For the spinal cord injury individuals in this phase, they will be able to compose themselves eventually. They will devote less energy to their attachment and their loss of spinal cord functionalities, and more energy to their other abilities and friends. The loss may still be hard dealing with from time to time, but with time, but they will be able to remember their former life and still move forward with their lives (Young & Dowling, 2012).
2.4 Erich Lindemann’s grief work
The work of grief was a term coined by Erich Lindemann back in the 1940s when conducting some studies on the grieving survivors of the tragedy of coconut grove. According to Lindemann (1979), many researchers and authors have cited his work on trauma as one of the vital early studies that revealed long-term impact of trauma and grief. Similarly, Lindemann later influenced other grief theorists like Kubler-Ross and Bowlby.
According to Lindemann (1944), the interest of Lineman was in understanding grief symptomology. Through his studies, he established some symptoms of grief that are common which included:
I. Somatic distress-
These included things like losing appetite, difficulty breathing, lack of motivation and exhaustion among others. Somatic distress can also be seen amongst the spinal cord patients, and these symptoms physically manifest themselves (Stroebe et al, 2001).
II. Preoccupation with the deceased images–
According to Lindemann, these included fixating on particular images of the individual who just passed away. Sometimes these were difficult memories or images and sometimes they are positive memories or images. This could also include the grieving person continuing to talk or see the deceased person. For the spinal cord injury individuals showing this symptom, the individual will preoccupy himself or herself with memories or images of himself before when he or she was able to function well using his or her spinal cord. These memories can either be positive or negative (Neimeyer, 2011).
III. Guilt-
In his research, Lindemann also reported that his patients reported guilt often, fixating on any event whereby they believe that they should have done something or could have done something to prevent the death. For the spinal cord injury patients, the guilt may manifest in different scenarios. The patients will preoccupy himself or herself with an event which they believe they could have done something or could have done something to prevent their spinal cord injury. For instance, if the patient injured his or her spinal cord due to the vehicle over speeding, engaging in extreme sports or engaging in violent activities, they will regret doing so. Majorly, they will fixate and wish that they did not engage in these activities (Pearlman et al, 2014).
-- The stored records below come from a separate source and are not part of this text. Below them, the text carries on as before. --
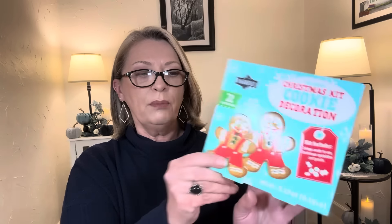So I picked up one of the gingerbread house and one of the cookies. You do get two cookies in here. This is the pre-baked Christmas kit cookie decoration, also by Bakersfield. The kit includes icing ready to use, Christmas sprinkles, and pearls. This is 3.17 ounces and you get two cookies. The expiration is June of 2025. They're both fully intact, they look good — two gingerbread men. They're a smaller cookie, but a nice size, and they're just fun to do. It came with sprinkles and two different colors of frosting, white and red. Nice little activity for the kids, and I think the girls actually ate them last year and said they were good.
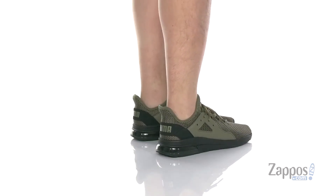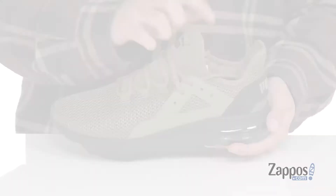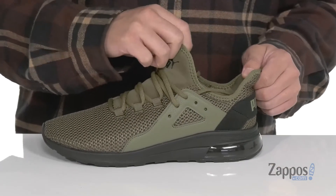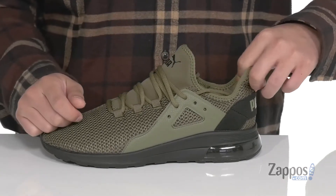This lightweight shoe from Puma features a breathable mesh upper with a unique lace-up design that's going to provide a secure fit right where you need it. The tongue and collar is one piece for a sock-like fit. The tongue is also gusseted to keep out debris. It's made with a quick-drying neoprene with extra cushioning in the Achilles area.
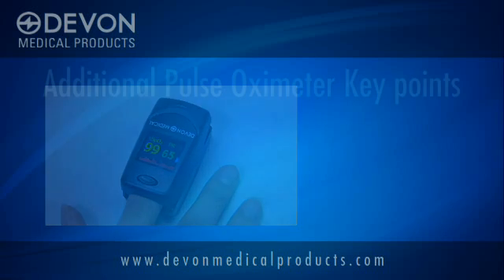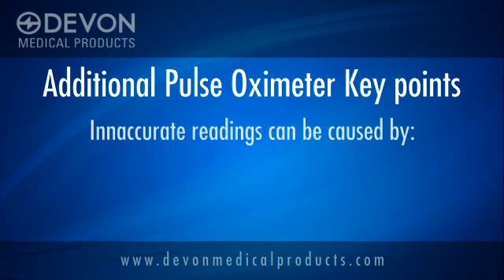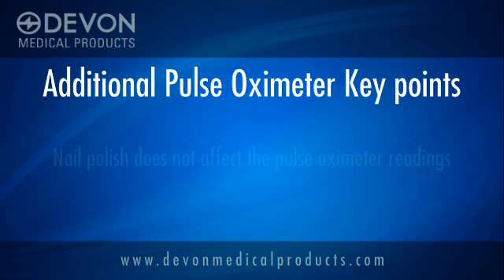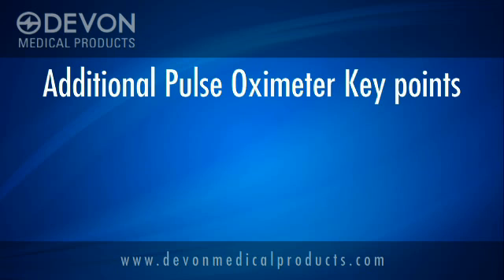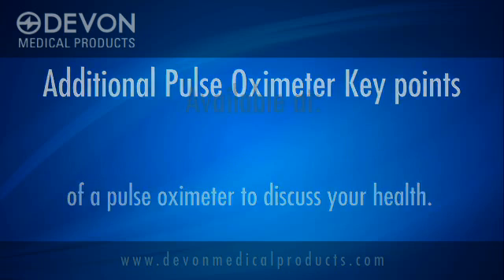Here are a few more points about using pulse oximeters. Inaccurate readings are caused by too much movement, too much external light at the reading site, or poor circulation. Nail polish will not affect readings at all. And while fingertip pulse oximeters are very convenient, always consult a doctor before and after use to discuss your health.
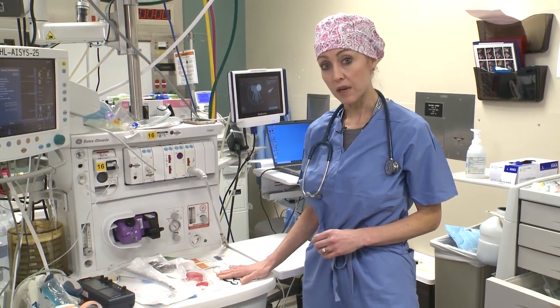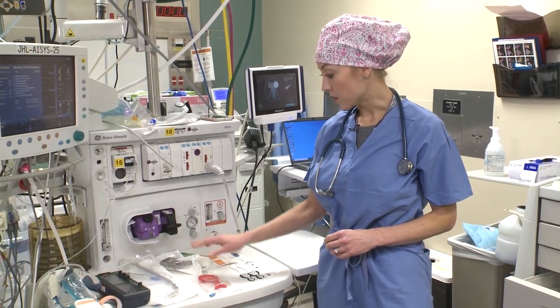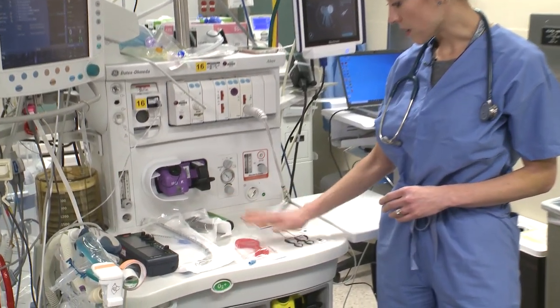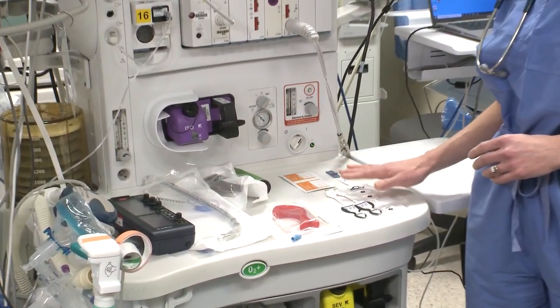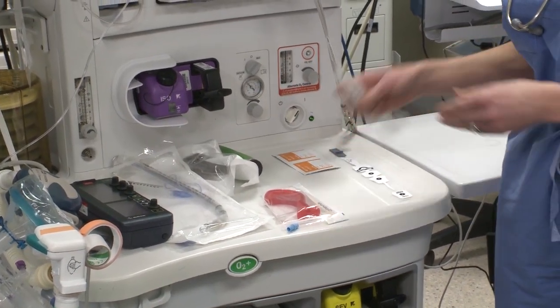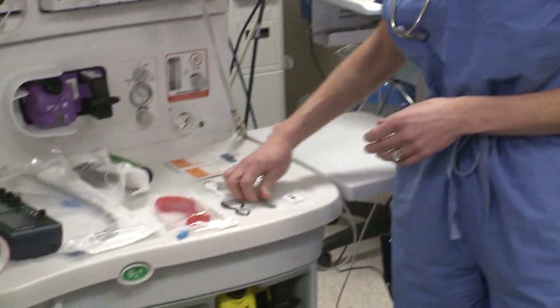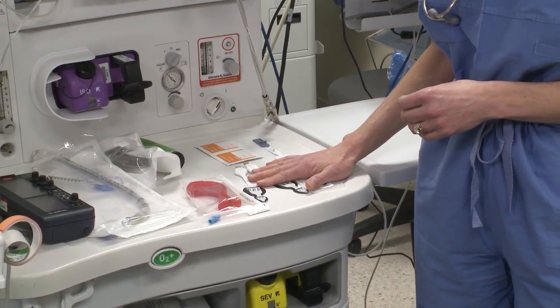As part of your setup, you will obviously have your airway, your blades, all the normal stuff, but I also want you to have your neuromonitoring stuff ready. You will have two cerebral oximeters and also your BIS, and we're going to go over placement of that in just a moment.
IV. Reactions that are hostile–
Lindemann observed that that the next symptom was hostile reactions of the grieving persons towards others. He noted that despite the fact that when people are trying to be supportive and thoughtful, he is grieving individuals often feel hostile and irritable towards others (Payne, Horn & Relf, 1999).
Hostile reactions from the spinal cord injury patients towards others is also a symptom when they are grieving. These individuals will be harsh to their people even to the people who are supportive or taking care of them. They feel despair since they are immobilized, are in a sorry state and cannot do anything from their location
V. Loss of conduct pattern–
Despite the fact that the loss of conduct pattern looks strange, it is something that most grieving individuals relate to easily. This is the experience that even the tasks and activities that are most basic become a chore. The grieving individuals in showing this symptom are restless often, and yet the activities do not look meaningful, and even the activities of every day to them needs much effort to finish (Buglass, 2010).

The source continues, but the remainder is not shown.